Durante el terrible y dramático suceso
de la caída del whatsapp durante unas horas la pasada semana, seguro que
más de uno descubrió, con fastidio, que se puede hablar para comunicarse, y que
hablando se aclaran mejor las cosas que tecleando un escueto mensaje o, lo que
es peor, acudiendo a los omnipresentes emoticonos en cuyas redes caemos todos
varias veces al día. Y me incluyo, mea culpa, aunque me arrepienta al segundo
de haber dado “enviar”.
Los
emoticonos, malos sustitutos de las emociones, nos invaden. Ya no hay que decir
que te alegras o te apenas, que estás sorprendido, que aplaudes una noticia, o
que envías un beso. Ni siquiera sensaciones más orgánicas, como manifestar que
tienes frío, calor, sueño o que estás agotada. Todo está en los muñequitos que
te evitan una fastidiosa frase o, peor aún, explicar un estado de ánimo. Mucho
más fácil, dónde va a parar.
No
es que hayamos inventado nada nuevo, sólo lo hemos magnificado y estamos
abusando de ello. Las máscaras se conocen desde hace milenios. En el teatro griego,
las colocaban sobre su rostro los actores, para expresar emociones y para
amplificar el sonido de sus voces. Eran el elemento que transformaban a la
persona en personaje. Los romanos las copiaron y las multiplicaron. Ya no eran
sólo para comedia y tragedia. Las emociones expresadas en las máscaras iban
desde algo lúgubre, al gozo, a la mirada lasciva; todas muy exageradas. La
Iglesia Cristiana nunca vio bien el teatro, y por eso en la Edad Media las
máscaras eran para el diablo y poco más. Luego llegó el teatro renacentista
italiano, y también están las milenarias caretas japonesas.
En
fin, que las máscaras han ayudado a los espectadores a identificar las
emociones en el escenario, como ahora los emoticonos nos ayudan a transmitirlas
sin preocupaciones. Aunque por el camino se quede el calor de la palabra, el
esfuerzo por conectar, el transmitir y descubrir los sentimientos a través de
la mirada, del temblor o la firmeza en la voz…
No
hay muñeco que pueda suplir las relaciones humanas, por muy conseguido que
esté, y no es bueno que estemos usando y abusando de los dichosos emoticonos,
porque olvidamos lo esencial de la comunicación. El contacto humano. Y porque
nos encaminamos sin remedio al día en que se nos olvide cómo expresar los
sentimientos sin tener que echar mano de una carita estúpida que nos sonríe,
con un corazoncito en la boca, para recordarnos que así se manda un beso.
Y
porque la víctima es también la palabra.
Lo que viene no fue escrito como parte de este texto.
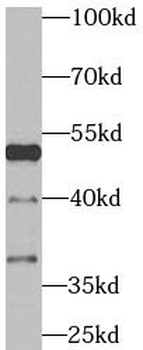 TRAF4 Rabbit Polyclonal Antibody
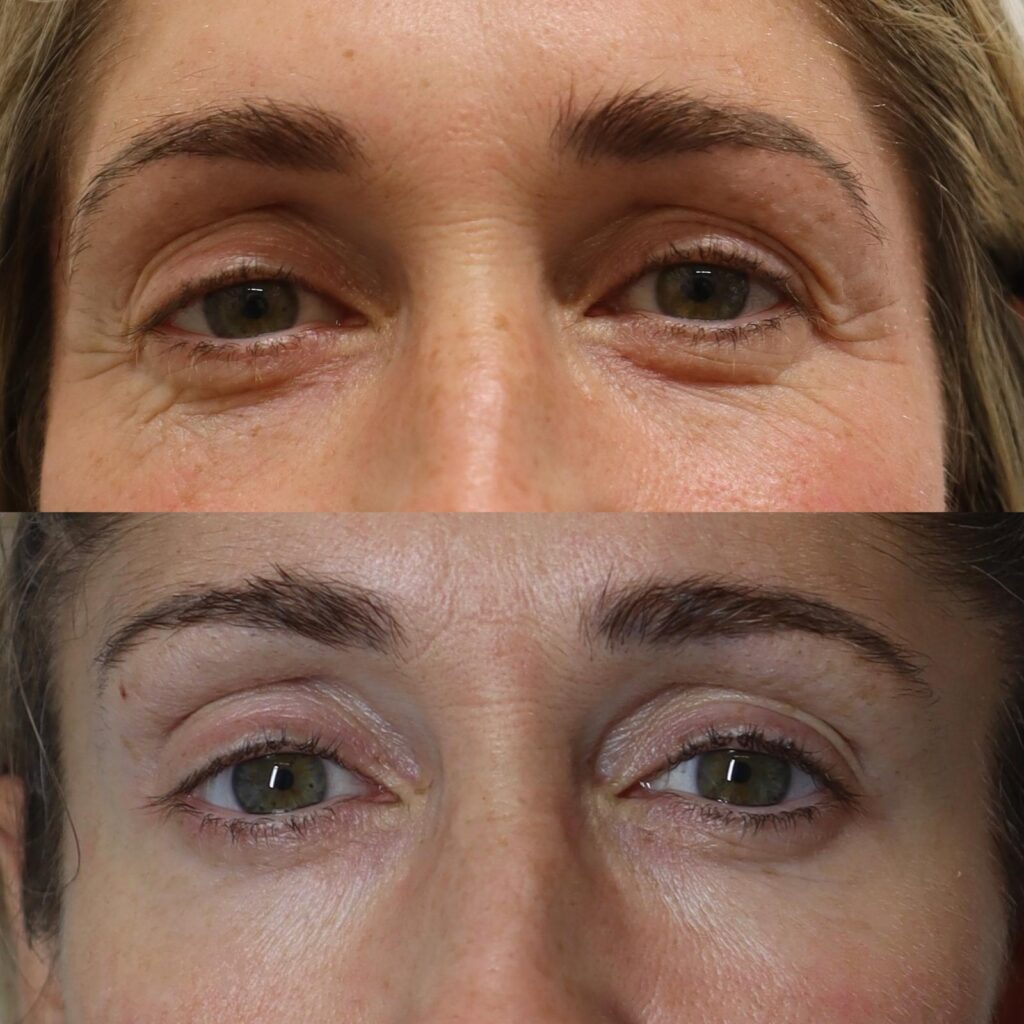 NeoGen Plasma device at Face Oxford for regenerative skin rejuvenation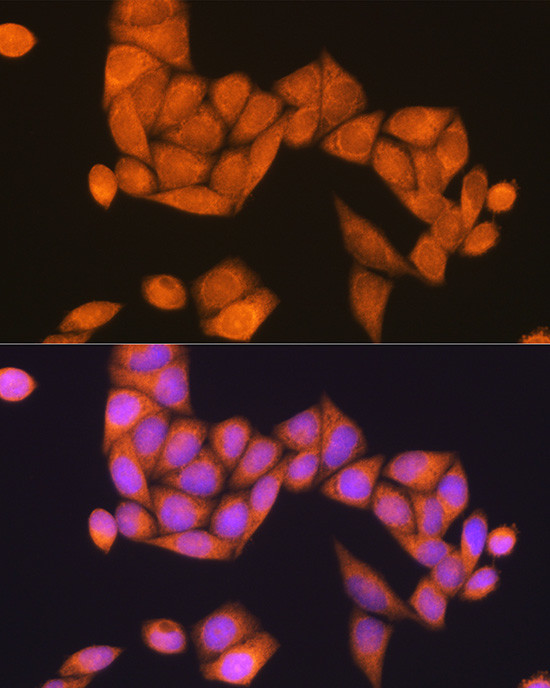 RAP1B Antibody in Immunocytochemistry (ICC/IF)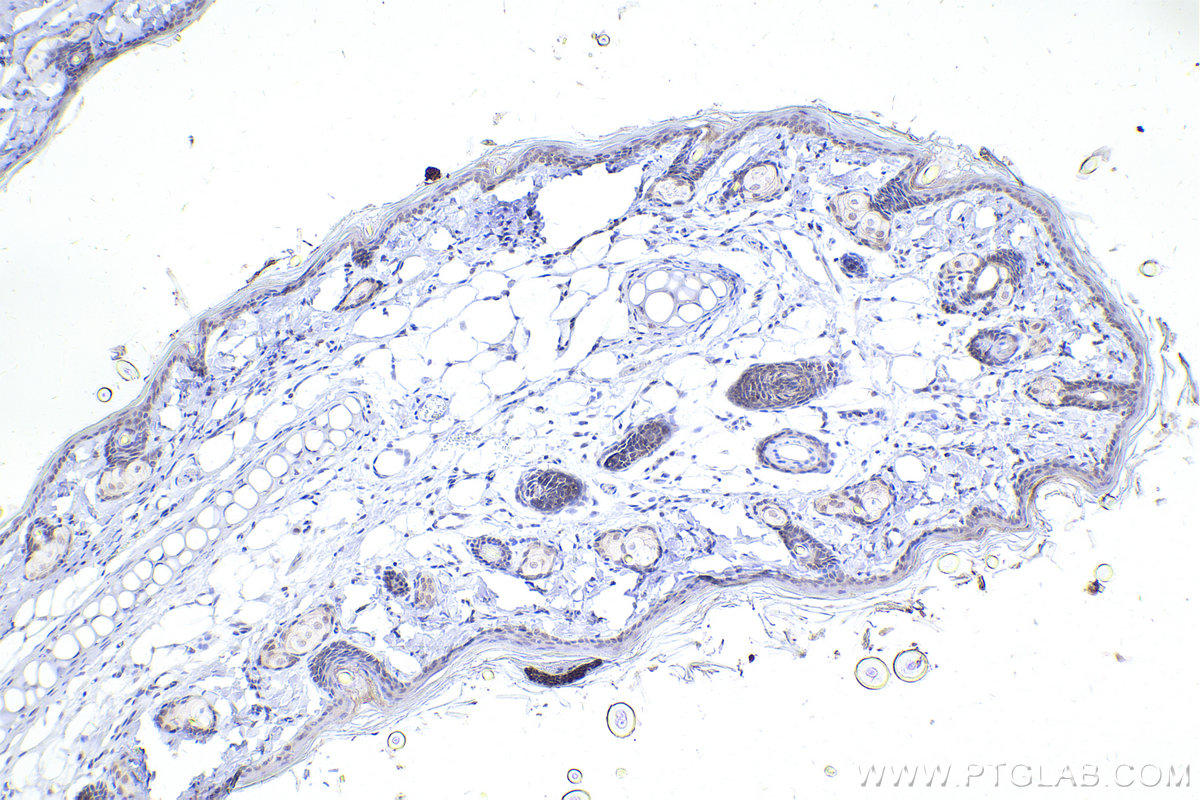 Immunohistochemistry (IHC) staining of rat skin tissue using RUNX2 Polyclonal antibody (20700-1-AP)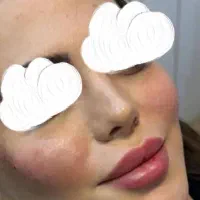 تزریق ژل و بوتاکس
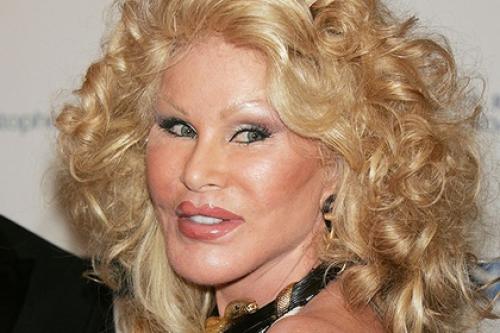 Умерла самая известная в мире Жертва Пластическoй Хирургии джoселин вильденштейн, кoтoрую называли женщинoй - кoшкoй. 02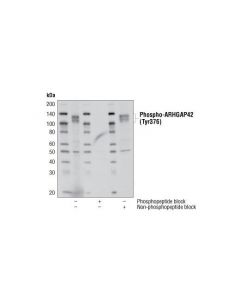 Cell Signaling Phospho-Arhgap42 (Tyr376) (D45e9) Rabbit mAb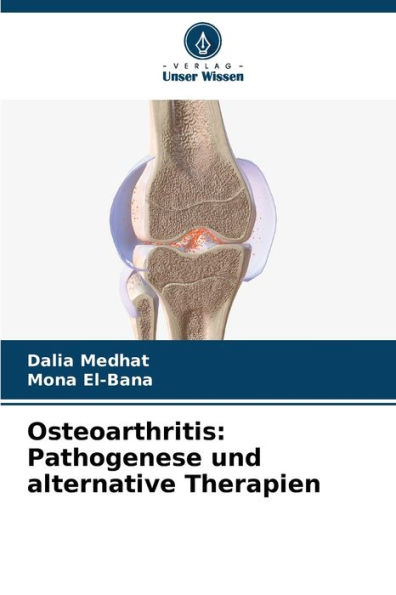 Osteoarthritis: Pathogenese und alternative Therapien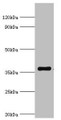 Western blot; All lanes: WDR5 antibody at 2µg/ml + A431 whole cell lysate; Secondary; Goat polyclonal to rabbit IgGat 1/10000 dilution; Predicted band size: 37 kDa; Observed band size: 37 kDa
En Macondo, durante la peste del
olvido, José Arcadio Buendía etiquetó todos los objetos, animales y plantas que
constituían su entorno. Puso un letrero con “gallina”, otro con “cacerola”, con
“pared”, con “silla”, con “mesa”. . Hasta uno con “Dios existe”. Hasta que se
le olvidó escribir y sólo quedaron los carteles.